Indian Earth observation satellite

IRS-1E was an Earth observation mission launched under the National Natural Resources Management System (NNRMS) programme by Indian Space Research Organisation (ISRO). Sometimes written IRS-P1. The objective of the mission was to develop Earth imagery using instruments carried on board. Due to a malfunction of the launch vehicle, the satellite deviated from its path and plunged into the Indian Ocean.

== History ==
IRS-1E was a follow-up mission to the satellite IRS-1A, to develop India's capability in the field of remote sensing. The satellite was to take up missions in the area of ground-water exploration, land use, forest and flood mapping. The letter "E" indicates that the satellite was an engineering model.

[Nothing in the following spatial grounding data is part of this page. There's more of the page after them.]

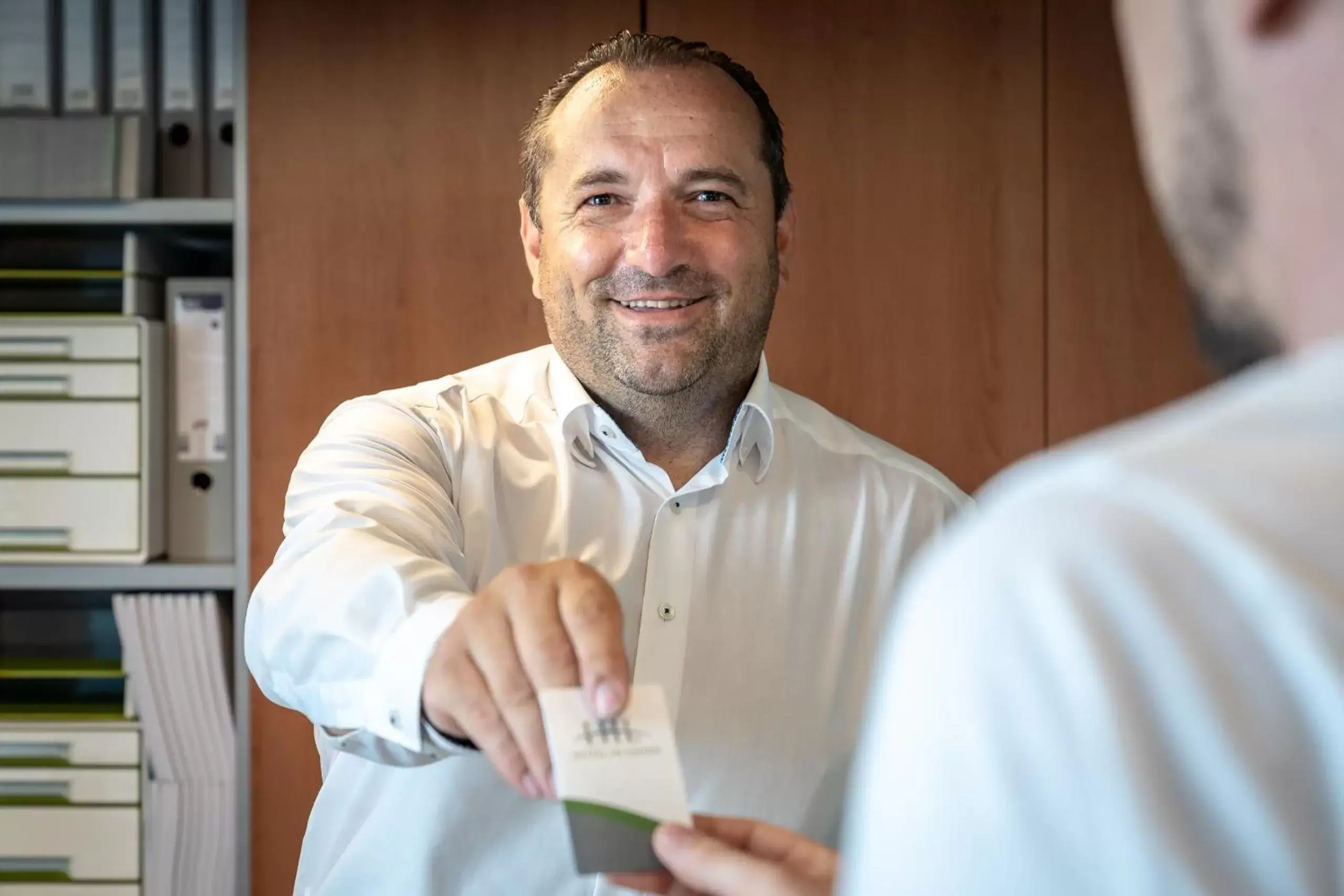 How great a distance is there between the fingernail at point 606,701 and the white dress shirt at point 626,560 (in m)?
0.41

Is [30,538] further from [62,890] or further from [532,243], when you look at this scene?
[532,243]

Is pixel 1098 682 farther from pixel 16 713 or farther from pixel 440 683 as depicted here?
pixel 16 713

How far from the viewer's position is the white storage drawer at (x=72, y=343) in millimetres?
1632

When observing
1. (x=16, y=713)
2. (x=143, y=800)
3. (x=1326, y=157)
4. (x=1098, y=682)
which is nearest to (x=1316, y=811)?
(x=1098, y=682)

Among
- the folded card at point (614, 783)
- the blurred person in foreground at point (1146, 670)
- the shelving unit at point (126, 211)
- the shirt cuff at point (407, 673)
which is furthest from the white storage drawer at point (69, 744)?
the blurred person in foreground at point (1146, 670)

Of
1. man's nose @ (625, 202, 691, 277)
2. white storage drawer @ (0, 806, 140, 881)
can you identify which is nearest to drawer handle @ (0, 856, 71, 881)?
white storage drawer @ (0, 806, 140, 881)

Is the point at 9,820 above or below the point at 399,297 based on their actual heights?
below

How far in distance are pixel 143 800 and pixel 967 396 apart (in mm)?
1332

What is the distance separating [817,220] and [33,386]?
1152mm

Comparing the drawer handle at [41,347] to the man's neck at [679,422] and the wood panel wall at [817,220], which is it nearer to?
the wood panel wall at [817,220]

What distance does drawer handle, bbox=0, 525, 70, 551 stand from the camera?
5.35 feet

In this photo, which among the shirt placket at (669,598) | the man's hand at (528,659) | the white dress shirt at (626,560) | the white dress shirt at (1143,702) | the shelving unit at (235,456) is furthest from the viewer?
the shelving unit at (235,456)

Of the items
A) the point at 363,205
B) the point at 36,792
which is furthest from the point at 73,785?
the point at 363,205

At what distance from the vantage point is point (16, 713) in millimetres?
1704
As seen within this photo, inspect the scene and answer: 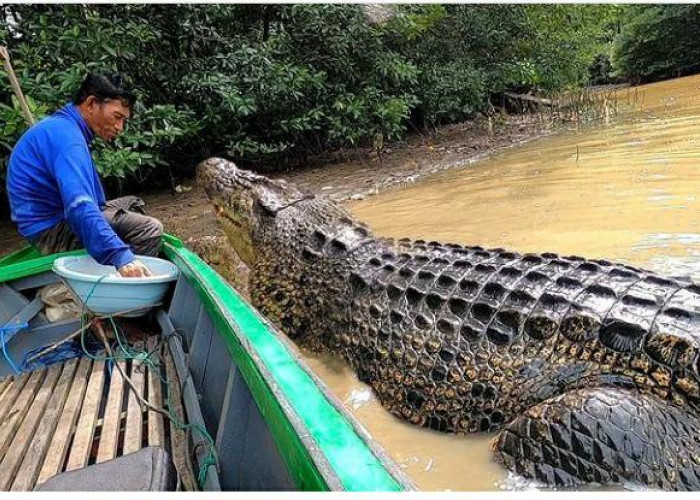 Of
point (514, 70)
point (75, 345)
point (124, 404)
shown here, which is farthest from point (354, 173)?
point (124, 404)

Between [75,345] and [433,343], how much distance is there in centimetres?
225

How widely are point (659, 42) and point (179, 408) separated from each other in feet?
104

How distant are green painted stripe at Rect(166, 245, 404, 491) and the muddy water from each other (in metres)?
0.98

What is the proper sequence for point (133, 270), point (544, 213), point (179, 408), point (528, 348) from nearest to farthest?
point (528, 348)
point (179, 408)
point (133, 270)
point (544, 213)

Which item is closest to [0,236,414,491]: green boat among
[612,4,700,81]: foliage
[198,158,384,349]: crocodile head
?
[198,158,384,349]: crocodile head

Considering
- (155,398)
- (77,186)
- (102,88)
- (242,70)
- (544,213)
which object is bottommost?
(544,213)

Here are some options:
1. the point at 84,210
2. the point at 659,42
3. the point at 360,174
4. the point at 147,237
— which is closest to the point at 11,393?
the point at 84,210

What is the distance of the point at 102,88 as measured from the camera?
10.4 ft

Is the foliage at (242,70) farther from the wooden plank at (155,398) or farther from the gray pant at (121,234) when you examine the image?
the wooden plank at (155,398)

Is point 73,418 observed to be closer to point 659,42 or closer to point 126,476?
point 126,476

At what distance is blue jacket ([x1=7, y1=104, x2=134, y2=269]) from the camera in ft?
9.45

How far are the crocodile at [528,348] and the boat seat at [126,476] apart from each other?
1295mm

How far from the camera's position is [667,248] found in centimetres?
418

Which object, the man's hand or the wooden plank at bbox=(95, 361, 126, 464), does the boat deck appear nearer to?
the wooden plank at bbox=(95, 361, 126, 464) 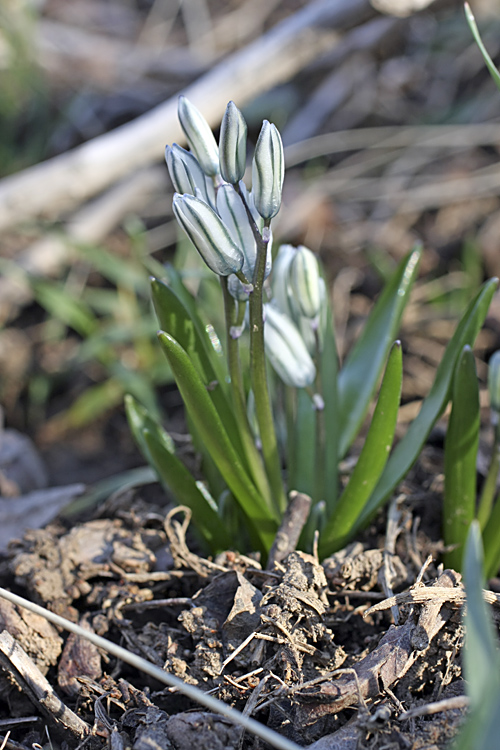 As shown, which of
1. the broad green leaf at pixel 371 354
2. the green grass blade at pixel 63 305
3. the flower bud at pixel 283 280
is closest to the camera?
the flower bud at pixel 283 280

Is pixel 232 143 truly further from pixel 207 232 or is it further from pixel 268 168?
pixel 207 232

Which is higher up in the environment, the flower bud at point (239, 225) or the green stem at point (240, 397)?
the flower bud at point (239, 225)

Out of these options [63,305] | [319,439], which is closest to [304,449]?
[319,439]

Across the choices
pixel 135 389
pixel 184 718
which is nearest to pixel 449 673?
pixel 184 718

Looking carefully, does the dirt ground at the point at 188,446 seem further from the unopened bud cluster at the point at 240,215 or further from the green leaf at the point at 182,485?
the unopened bud cluster at the point at 240,215

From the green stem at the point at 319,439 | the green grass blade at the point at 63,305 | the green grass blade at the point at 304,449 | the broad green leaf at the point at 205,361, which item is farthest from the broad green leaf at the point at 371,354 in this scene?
the green grass blade at the point at 63,305

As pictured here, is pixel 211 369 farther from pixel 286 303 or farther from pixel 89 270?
pixel 89 270

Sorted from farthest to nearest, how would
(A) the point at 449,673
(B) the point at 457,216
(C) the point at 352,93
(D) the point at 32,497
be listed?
1. (C) the point at 352,93
2. (B) the point at 457,216
3. (D) the point at 32,497
4. (A) the point at 449,673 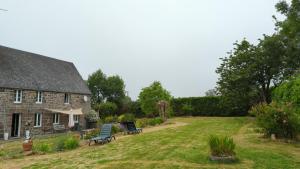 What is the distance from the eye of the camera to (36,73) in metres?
28.1

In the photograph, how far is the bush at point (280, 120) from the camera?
1274cm

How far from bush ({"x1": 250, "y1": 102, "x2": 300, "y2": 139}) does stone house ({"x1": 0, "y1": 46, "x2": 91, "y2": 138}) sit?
1924 cm

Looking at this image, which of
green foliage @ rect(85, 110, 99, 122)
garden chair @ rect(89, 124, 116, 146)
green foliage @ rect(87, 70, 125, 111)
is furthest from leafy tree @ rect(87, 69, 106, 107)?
garden chair @ rect(89, 124, 116, 146)

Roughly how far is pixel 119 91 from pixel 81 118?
2518cm

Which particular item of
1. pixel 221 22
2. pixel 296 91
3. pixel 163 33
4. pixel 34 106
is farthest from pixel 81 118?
pixel 296 91

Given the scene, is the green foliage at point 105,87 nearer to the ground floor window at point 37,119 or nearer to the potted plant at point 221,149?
the ground floor window at point 37,119

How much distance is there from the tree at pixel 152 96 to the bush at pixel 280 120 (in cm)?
2467

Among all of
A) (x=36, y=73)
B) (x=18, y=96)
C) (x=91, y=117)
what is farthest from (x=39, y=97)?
(x=91, y=117)

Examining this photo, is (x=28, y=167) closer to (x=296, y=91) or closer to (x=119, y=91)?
(x=296, y=91)

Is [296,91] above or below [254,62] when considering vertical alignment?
below

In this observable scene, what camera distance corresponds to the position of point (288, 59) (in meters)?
26.1

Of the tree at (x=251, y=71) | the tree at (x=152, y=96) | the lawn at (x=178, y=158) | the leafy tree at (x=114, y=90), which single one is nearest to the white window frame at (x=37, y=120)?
the lawn at (x=178, y=158)

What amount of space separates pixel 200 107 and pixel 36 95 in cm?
2299

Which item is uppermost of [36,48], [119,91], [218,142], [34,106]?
[36,48] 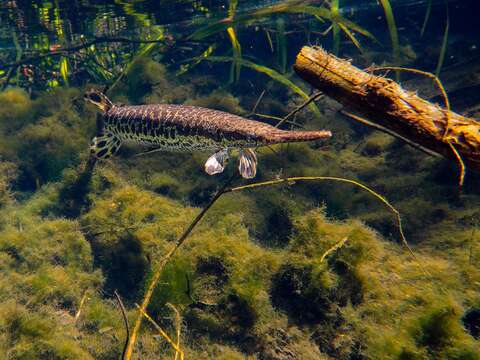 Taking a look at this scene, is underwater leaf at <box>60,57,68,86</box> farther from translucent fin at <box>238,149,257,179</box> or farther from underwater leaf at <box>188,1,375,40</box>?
translucent fin at <box>238,149,257,179</box>

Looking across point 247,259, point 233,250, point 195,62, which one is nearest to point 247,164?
point 233,250

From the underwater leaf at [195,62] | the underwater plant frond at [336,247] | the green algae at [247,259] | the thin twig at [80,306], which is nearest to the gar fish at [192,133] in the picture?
the green algae at [247,259]

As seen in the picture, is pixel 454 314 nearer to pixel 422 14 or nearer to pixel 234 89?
pixel 234 89

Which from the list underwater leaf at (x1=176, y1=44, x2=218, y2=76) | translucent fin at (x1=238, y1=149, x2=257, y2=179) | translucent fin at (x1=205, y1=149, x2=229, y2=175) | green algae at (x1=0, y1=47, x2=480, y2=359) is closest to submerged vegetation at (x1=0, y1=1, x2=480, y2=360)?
green algae at (x1=0, y1=47, x2=480, y2=359)

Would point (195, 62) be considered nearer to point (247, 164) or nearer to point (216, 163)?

The letter "P" (IRS-P1) in the Indian Remote Sensing Programme of Earth observation satellite indicates that the satellite was to be launched aboard a Polar Satellite Launch Vehicle (PSLV). It was launched on 20 September 1993.

== Instruments ==
IRS-1E carried two instruments:
- Linear Imaging Self-Scanning Sensor-1 (LISS-1)
- MEOSS (Monocular Electro-Optical Stereo Scanner), built by the German Aerospace Center (DLR), is an experimental sensor with pushbroom Charge-coupled device (CCD) technology. MEOSS is a stereo camera system capable of recording three images simultaneously with a single lens by means of linear scanning (3-line stereo system).

== Launch ==
IRS-1E mission was a failure, as the last stage of the PSLV-D1 malfunctioned, so failed to launch the satellite into its desired orbit. The PSLV was first launched on 20 September 1993, at 05:12 UTC. The first and second stages performed as expected, but an attitude control problem led to the collision of the second and third stages at separation, and the satellite failed to reach orbit. After this initial setback, the PSLV successfully completed its second mission in 1994.